Juan
Pablo II ha insistido en el sentido "eminentemente
religioso" de su viaje a Israel y Palestina. Lo viene haciendo
desde hace meses, lo subrayó poco antes de partir y ahora a su
llegada a Israel. El gesto de visitar los lugares considerados santos
para las tres religiones históricas monoteístas (judíos, musulmanes
y cristianos) forma parte de un propósito trazado por el Papa dentro
de su pontificado y, en particular, con ocasión del año jubilar:
producir un acercamiento histórico entre las religiones. Para Karol
Wojtyla el diálogo interreligioso y la coincidencia de los grandes líderes
de las religiones históricas se constituye, hoy en día, en un
reaseguro ético y moral indispensable para la paz en el mundo. El
Jefe de la Iglesia Católica está profundamente convencido de que,
por encima de cualquier perspectiva política, ideológica o de interés
económico particular, sólo los valores propios de la religión
pueden garantizar parámetros más justos y más humanos para el
conjunto de la humanidad. De allí su esfuerzo para convocar al diálogo
entre las religiones.
La
propuesta, en general, ha sido bien aceptada por los interlocutores.

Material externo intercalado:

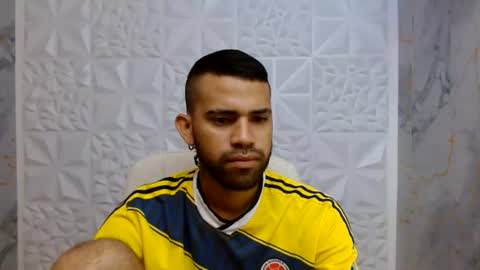 chacorta_ online show from June 23, 12:33 pm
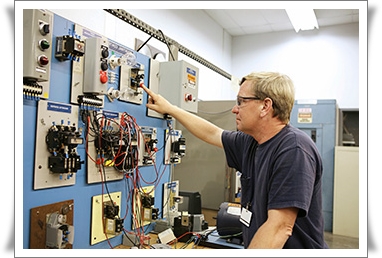 Electronic-Engineering-Technician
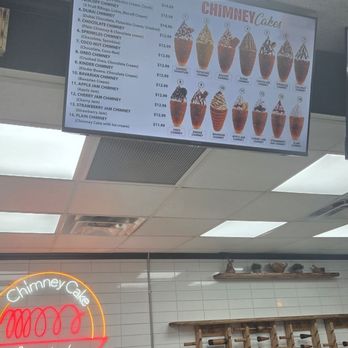 Lumier’s Chimney Cake - Inside of the restaurant - Ice Cream & Frozen Yogurt Near Me - Peachtree Corner, Georgia Lumier’s Chimney Cake - Inside of the restaurant - Ice Cream & Frozen Yogurt Near Me - Peachtree Corner, Georgia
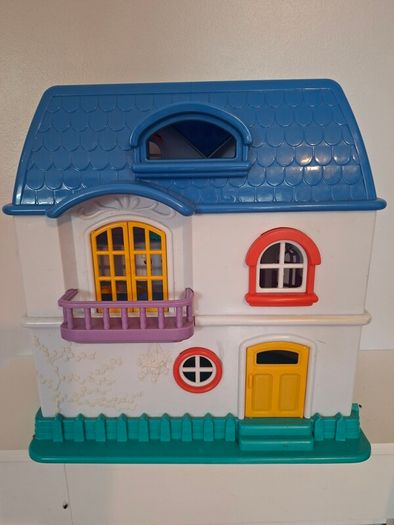 Keenway My Happy Family Doll Play House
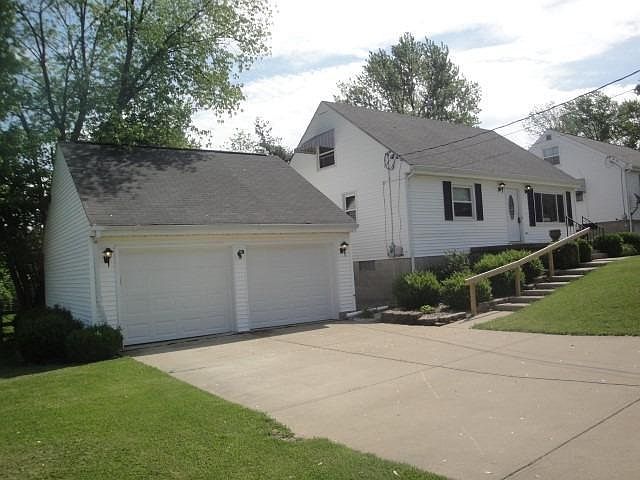 1st image of 18 Orchard Dr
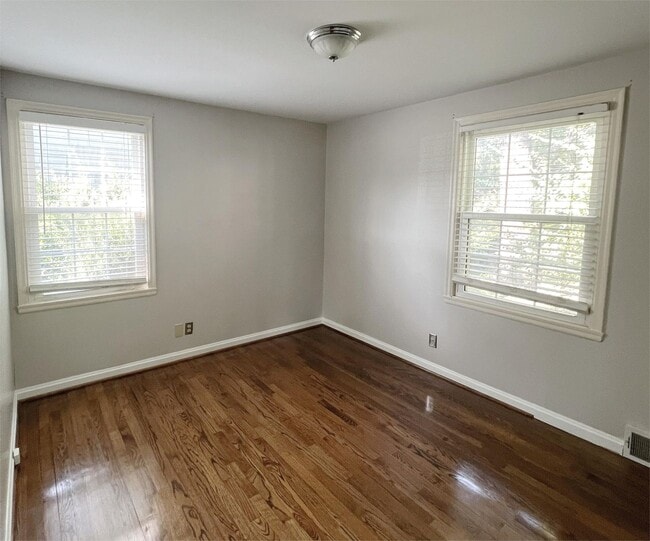 Building Photo - SEE IT NOW: Elegant Home in Prairie Village with Spacious Yard!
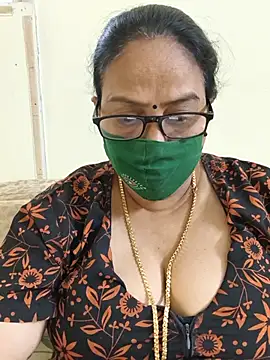 Snapshot of heera-rani chatting on 9, 6, 2026 heera-rani online show from 9, 6, 2026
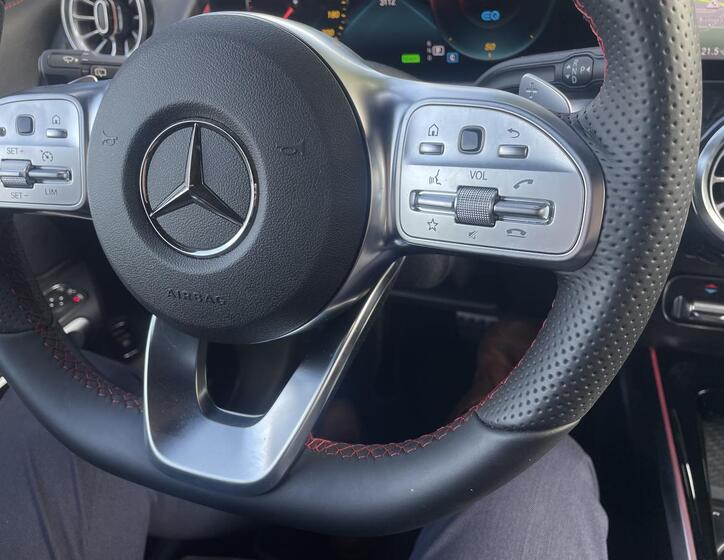 Mercedes-Benz EQB 12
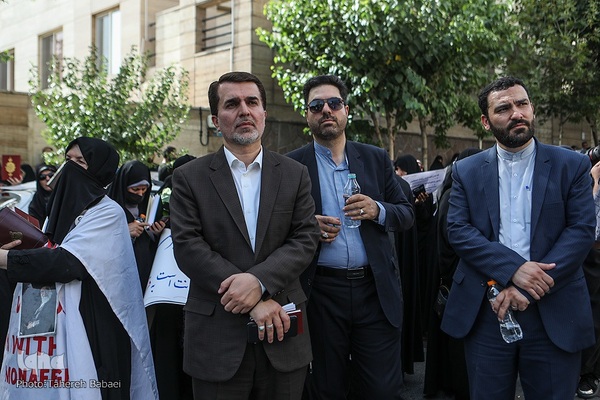 تجمع جامعه قرآنی در پی هتک حرمت به قرآن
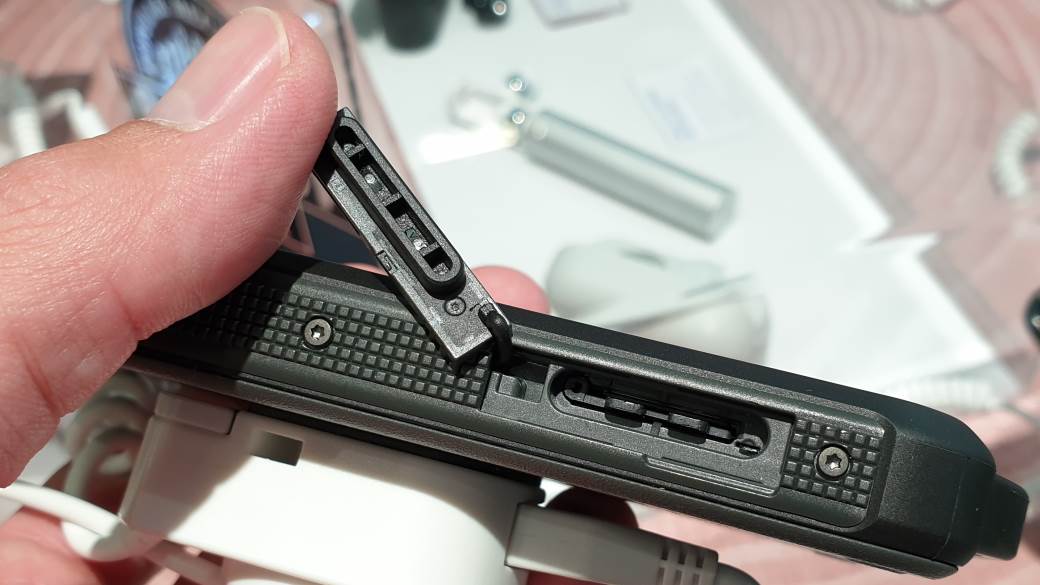 Nekad poznat kao najjači telefon ikad, ponovo je u Srbiji: HERKULES! (FOTO)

Caben, sin embargo, los recelos. Sobre todo porque se señala que, con
sus iniciativas, Juan Pablo II intenta convertirse él mismo, y por
extensión a la Iglesia Católica, en la visagra de esa construcción
interreligiosa.
La visita
a Israel y Palestina es, en todos los sentidos, uno de los viajes más
emocionantes de Juan Pablo II pero, sin duda, el más riesgoso de su
20 años de pontificado. Por todo ello no está desprovisto totalmente
de objetivos políticos. En un sentido Juan Pablo II quiere ofrecerse
él mismo como garante de la paz entre palestinos e israelíes,
colaborando a hacer realidad el sueño de una tierra para dos pueblos.
Por otra parte israelíes y
palestinos tendrán sus ojos puestos en cada gesto de Karol Wojtyla
para traer a su propio molino cualquier señal que rompa el equilibrio
geopolítico que el Vaticano ha mantenido, en particular, en relación
al status de Jerusalén. Para los israelíes la Ciudad Santa es la
capital única, indivisible y eterna de la nación hebrea. Para los
palestinos, que nombran a Jerusalén como Al Qods (el nombre árabe),
es el lugar santo del Islam. El propio Vaticano aspira a que la ciudad
alcance un estatuto de internacionalidad con la participación activa
de las tres religiones, no sujeta a ningún Estado ni a ninguna
nacionalidad en particular sino destinada a convertirse en lugar de
acogida religiosa para todos los habitantes del mundo que deseen
acudir hasta allí en peregrinación. Un objetivo que, a poco de
cumplir 80 años, Karol Wojtyla no resigna.